═══ Provided data

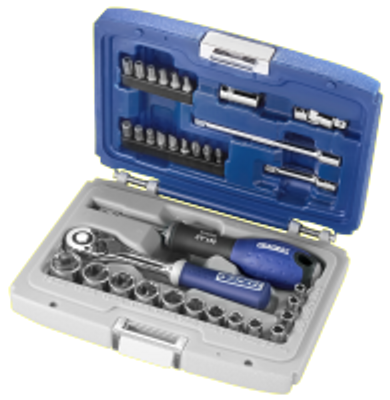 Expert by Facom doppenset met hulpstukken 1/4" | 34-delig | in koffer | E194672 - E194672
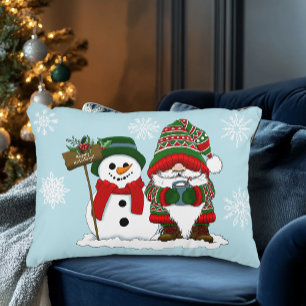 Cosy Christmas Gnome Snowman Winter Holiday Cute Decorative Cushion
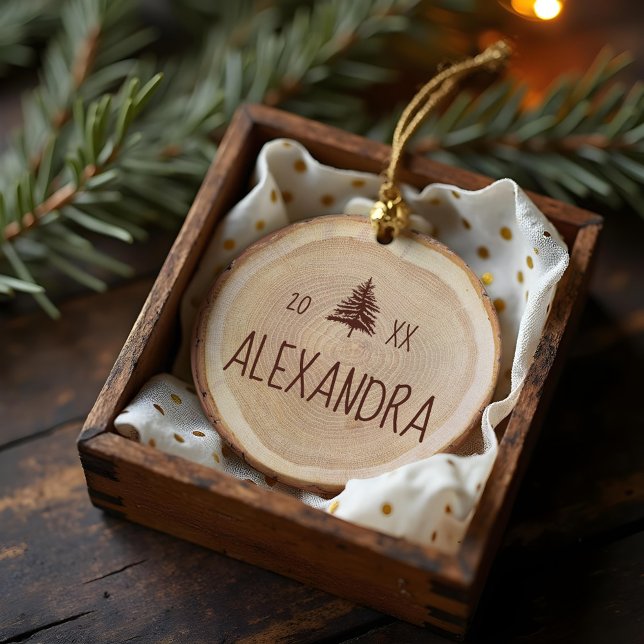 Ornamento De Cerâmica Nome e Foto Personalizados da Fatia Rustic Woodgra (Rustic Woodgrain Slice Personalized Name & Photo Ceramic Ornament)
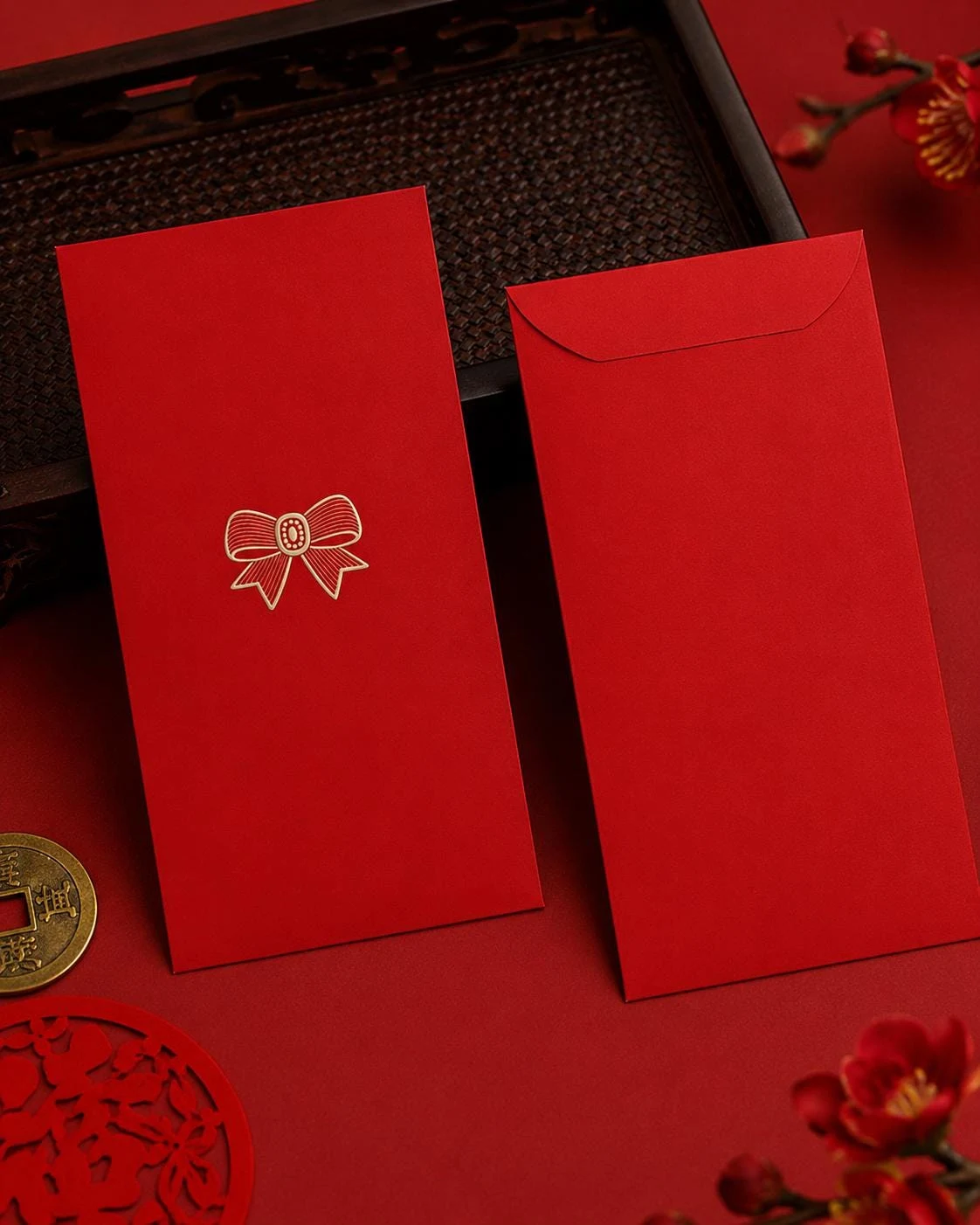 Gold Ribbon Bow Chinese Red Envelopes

══════

Set down exactly, from the line that contains "Ornamento De Cerâmica" through the last line of the data, each line as it stands, and leave the pictures out.

 Ornamento De Cerâmica Nome e Foto Personalizados da Fatia Rustic Woodgra (Rustic Woodgrain Slice Personalized Name & Photo Ceramic Ornament)
 Gold Ribbon Bow Chinese Red Envelopes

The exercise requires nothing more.